エクストリームユーザーへのインタビューとは、次のようなイメージです。

・新しいダイエット食品の開発のために、断食道場に毎月通う人へインタビュー
・スマートフォンの新機能開発にあたり、ガラケー利用者へインタビュー
・新しい転職支援サービスの企画にあたり、転職回数が10回以上のビジネスパーソンへインタビュー

価値観や行動が極端な人を選ぶため、普段の生活範囲ではなかなか出会うことがない方々です。
このような方々は、独自の価値観や世界観が強く形成されていることも多く、
だからこそ、私たちの常識や考えを超えた思いもよらない発見・気付きを得られるのです。

何名にインタビューすべきか

私の経験値からの提案ですが、
情報を得たいセグメントごとに5人インタビューすれば50%、10人で70%、
20人にインタビューすれば90%の課題感がわかると感じています。

セグメントとは、課題感・価値観・行動特性などが似通っている集団の括りのことです。

時間対効果(費やした時間に対して発見が増えていく度合い)や現実的に使える時間などを考慮すると、
セグメントごとに3~7名位が良い塩梅です。
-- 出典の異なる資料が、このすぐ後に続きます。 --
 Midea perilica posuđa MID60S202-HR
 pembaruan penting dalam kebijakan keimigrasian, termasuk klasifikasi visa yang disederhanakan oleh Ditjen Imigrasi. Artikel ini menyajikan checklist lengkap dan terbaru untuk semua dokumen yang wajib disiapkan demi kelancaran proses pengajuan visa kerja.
セグメントを細かく設定いれば3名、大雑把であれば5名以上にするなど工夫をしていきましょう。

どのような順番でインタビューすべきか

語られる機会は少ないものの、実は重要なのが「インタビューを行う順番」です。

誰に・何名インタビューするかが決まったら、
どの順番でインタビューするのが効率的かつ効果的なのかを考えていきます。
この順番が正しい、という固定的な解はありません。次のような観点を踏まえて、
その都度、最適な順番を検討していきます。

【1】本命のインタビューは中盤に設定する

インタビュー対象者を考えていると、「この人の意見は絶対に聞きたい」という本命が出てきますが、
本命のインタビューは中盤に設定しましょう。合計10名のインタビューであれば、4~6番目に設定するイメージです。
というのも、最初の数名へのインタビューは質問項目の設計や時間配分に甘さが残っており、
質が高まりきらないもの。そこに本命のインタビューをもっていくのは得策ではありません。
2~3名にインタビューし、きちんとラップアップを行えば、項目・聞き方・時間配分・優先順位は確実に
改善されますから、本命へのインタビューは中盤に設定すると効果が最大化されます。

ただし、インタビュー設定が後半になると重要意見を手にするのが遅れるので要注意です。
後半に予定していたインタビューはスケジュールやリソースの制約でカットせざるを得ない事もあるため、
中盤が最善です。また、本命インタビューは関係者全員が同席できるようスケジューリングします。
インタビューで得られる情報量は豊富がゆえに、非同席者との間で情報格差が生まれ、
その後の議論がかみ合わなくなる為です。

【2】知見を豊富にもっている人のインタビューは序盤~中盤に設定する

インタビューテーマに関して豊富な知見をもっている人は、序盤~中盤に設定しましょう(本命以外)。
知見が豊富な人のインタビューでは、新しい発見も多く、その後のインタビューで何を・どのようにヒアリングするのが
有効なのか、という肌感覚を得ることができます。インタビュー相手に色々と教えてもらうイメージです。
このように書くと、序盤設定が最善のように感じると思いますが、必ずしもそうではありません。
インタビューは、インタビューする側の質問の質が高いほど、回答する側の質も高まっていきます。
特に知見が豊富な相手とはこの相乗効果が発揮されやすいもの。こちらの質問に触発されて相手の頭が整理され、
より明快な情報を得られるという事が起きます。

序盤に設定してしまうと、インタビュー側がそこまで良い質問を投げられない為、
相乗効果を手にする可能性は大きく低下します。本当に右も左もわからない状態ならば序盤で教えを請うても良いですが、
出来るだけ事前に土台となる知識や視点をもっておき、中盤に設定するのが理想だと思います。

【3】理路整然としているが、主観が強い人は後半設定

理路整然としている様子は、論理的・構造的に物事をとらえている事の証明にはなりますが、
客観的で現実を的確に表している、とは限りません。
極めて個人的な見解・主観を理路整然と話している可能性があります。論理的だが主観が強いタイプのインタビューは、
情報が少ない前半に実施すると偏った見方につながるリスクがあるので、なるべく後半に設定しましょう。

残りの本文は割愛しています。